The Fender Bassman evolved as an amplifier designed to initially go along with the Fender Precision Bass. It’s perhaps a bit of an irony that this amp design is among the most revered from guitarists – not bass players. Add to this the fact that the first Marshall amplifiers were largely leveraged from the Bassman’s circuit design (which in turn spawned a countless array of further clones as time passed), and it’s easy to understand why the Fender Bassman was the first amplifier chosen as a tweed reissue in the early ‘90s.
Fender’s new ’59 Bassman LTD reissue takes the amplifier even further (or should we say backward?) closer to the original. Updates for the ’59 Bassman LTD include a tube rectifier (original spec 5AR4), an internal bias pot, a pair of US-made Groove Tubes 6L6-GE output tubes, as well as a quad of Jensen P10R reissue 10-inch Alnico speakers.
To finish up the revised Bassman, the ’59 LTD is housed in a cabinet constructed from solid finger-jointed yellow pine and covered in lacquered Tweed, just like the originals.

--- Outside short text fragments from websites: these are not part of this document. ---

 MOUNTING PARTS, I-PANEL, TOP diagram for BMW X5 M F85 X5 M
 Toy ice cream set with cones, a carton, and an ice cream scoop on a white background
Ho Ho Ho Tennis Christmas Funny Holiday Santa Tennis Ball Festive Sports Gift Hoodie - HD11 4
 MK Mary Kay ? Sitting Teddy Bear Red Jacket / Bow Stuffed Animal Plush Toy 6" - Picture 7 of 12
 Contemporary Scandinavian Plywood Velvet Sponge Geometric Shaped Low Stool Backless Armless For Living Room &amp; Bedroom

The front covering is an attractive dark oxblood type cloth- again, like the originals.
Beyond the improvements themselves, the The Fender 59 Bassman LTD shares the same four-input, two-channel design with independent controls for volume on each channel in addition to Presence, Bass, Middle, and Treble controls that go to 12. Each of the two channels (normal and bright emphasized) can be patched together with a short cord to combine the voices. Note that the two channels does not mean that this is a "channel-switching" amp. The ’59 Bassman LTD is rated at 50 watts and certainly puts out the power. This amp is capable of being VERY loud, especially if your interests are in clear clean tones.

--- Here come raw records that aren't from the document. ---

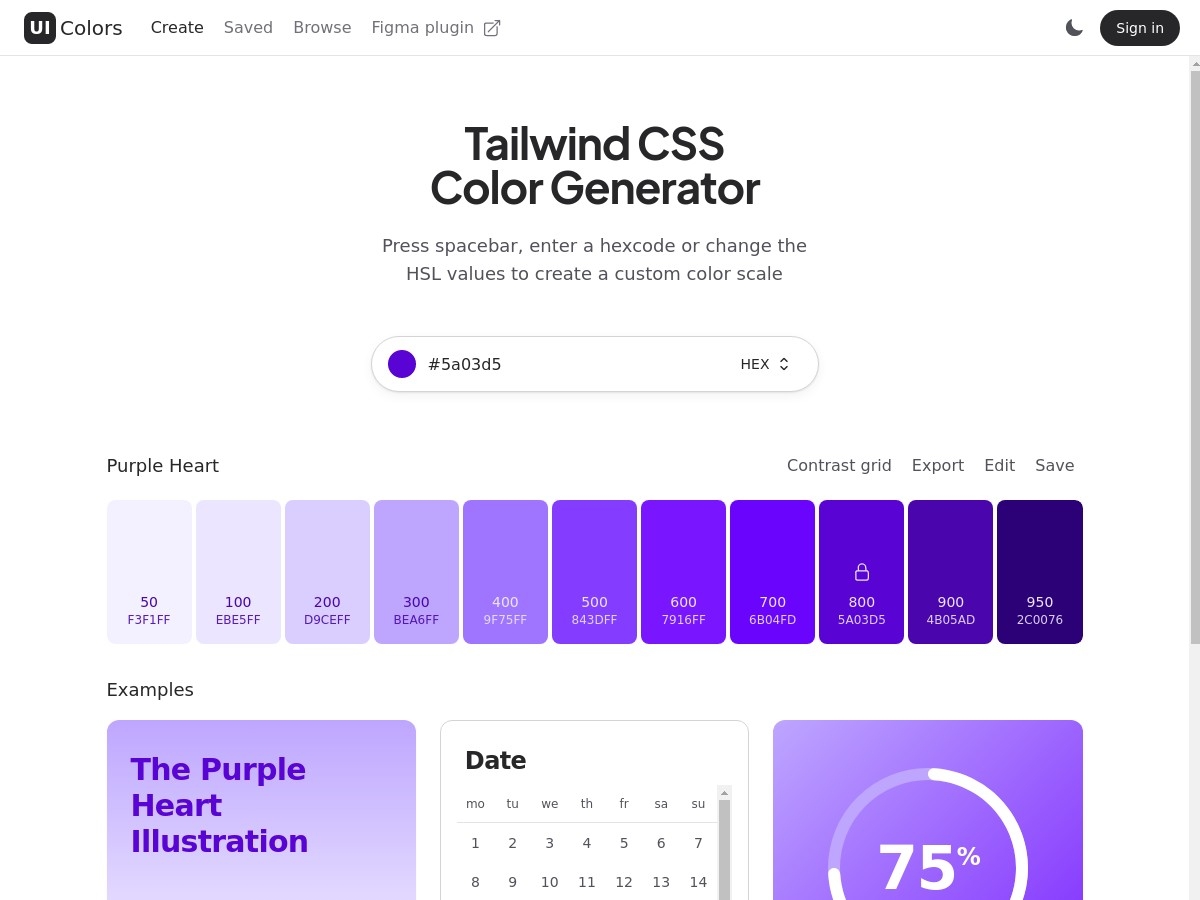 Tailwind CSS Color Generator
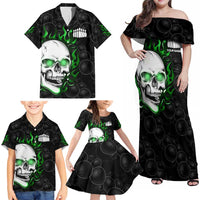 Personalized Skull Bowling Family Matching Off Shoulder Maxi Dress and Hawaiian Shirt Green Flame Skull - Wonder Print Shop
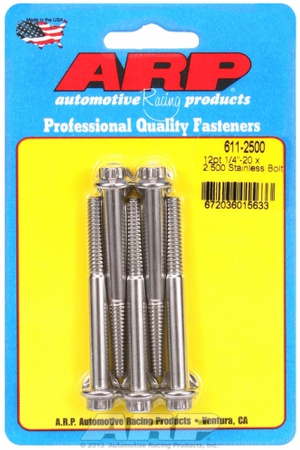 ARP "1/4""-20 x 2.500 12pt SS bolts" (5pcs)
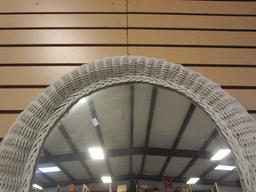 Arched Top Mirror in Wicker Frame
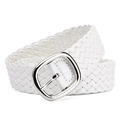 Elegant white woven PU leather belt for women featuring a polished metallic square buckle - White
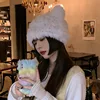 2022 Real Rabbit Fur Winter Hat for Women Knitted Fluffy Beanie Ladies Fashion Solid Color Warm Plush Skull Women's Thick Hat 4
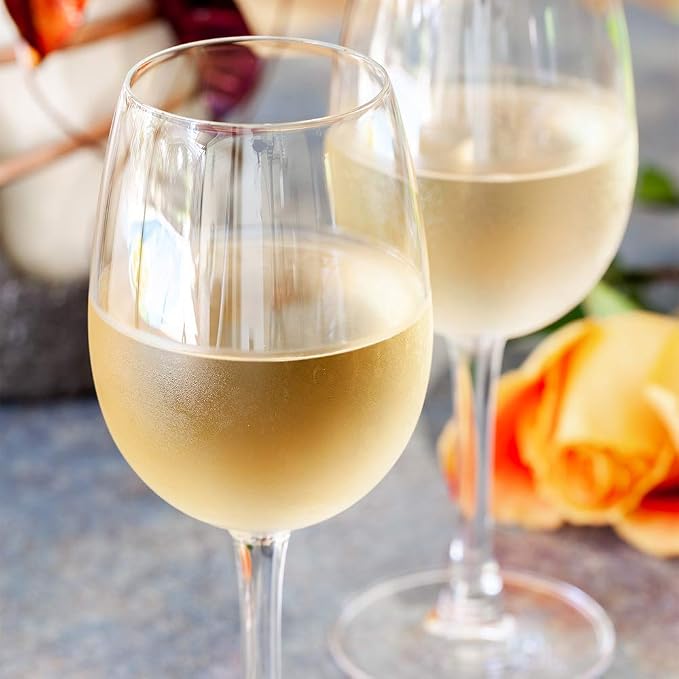 Restaurantware-10.5 Ounce All-Purpose Wine Glasses, Set Of 12 Crystal Stemmed Wine Glasses - For White or Red Wines, Laser-Cut Rim, Fine-Blown Crystal White Glass, Dishwashable Stemware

The Bassman design itself is straight up and simple with no preamp gain controls for low-level distortion creation. There are also no effects loops, reverbs, or extra buttons or lights. All said, blues and classic rock players tend to appreciate non-master volume style of amps as the volume can be set to a breakup point of natural distortion and the dynamics can then be controlled by a player’s technique. This touch-sensitivity indeed can really enhance the feel and mood of the music being played. To get an amp like the Bassman to distort, you’ve simply got to turn it up. So that’s exactly what we were looking forward to and exactly what we went to do next.
Playing the Bassman
I plugged in a variety of Fender Stratocasters including my recently acquired and prized NAMM one-off 1960 Custom Shop Stratocaster Relic in Daphne Blue with matching headstock. I also used my trusty Gibson Les Paul Classic loaded with Seth Lovers (PAF type with alnico II pickups). I ran through some settings as listed on the cardboard promotional piece provided by Fender that gives settings for "cranked up tones"… and it produced o.k. tones and sounds.
Why "just o.k.?" Well, let’s start with the good before we get to the bad with the ’59 LTD. One "good" is that due to the solid-ply cabinet, the added resonance vibration tones that can typically get out-of-control with many combos cranked up is really reduced. In this regard, all the advantages of an open-back combo including the wider special sound dispersion and reflections really can fill up a room nicely.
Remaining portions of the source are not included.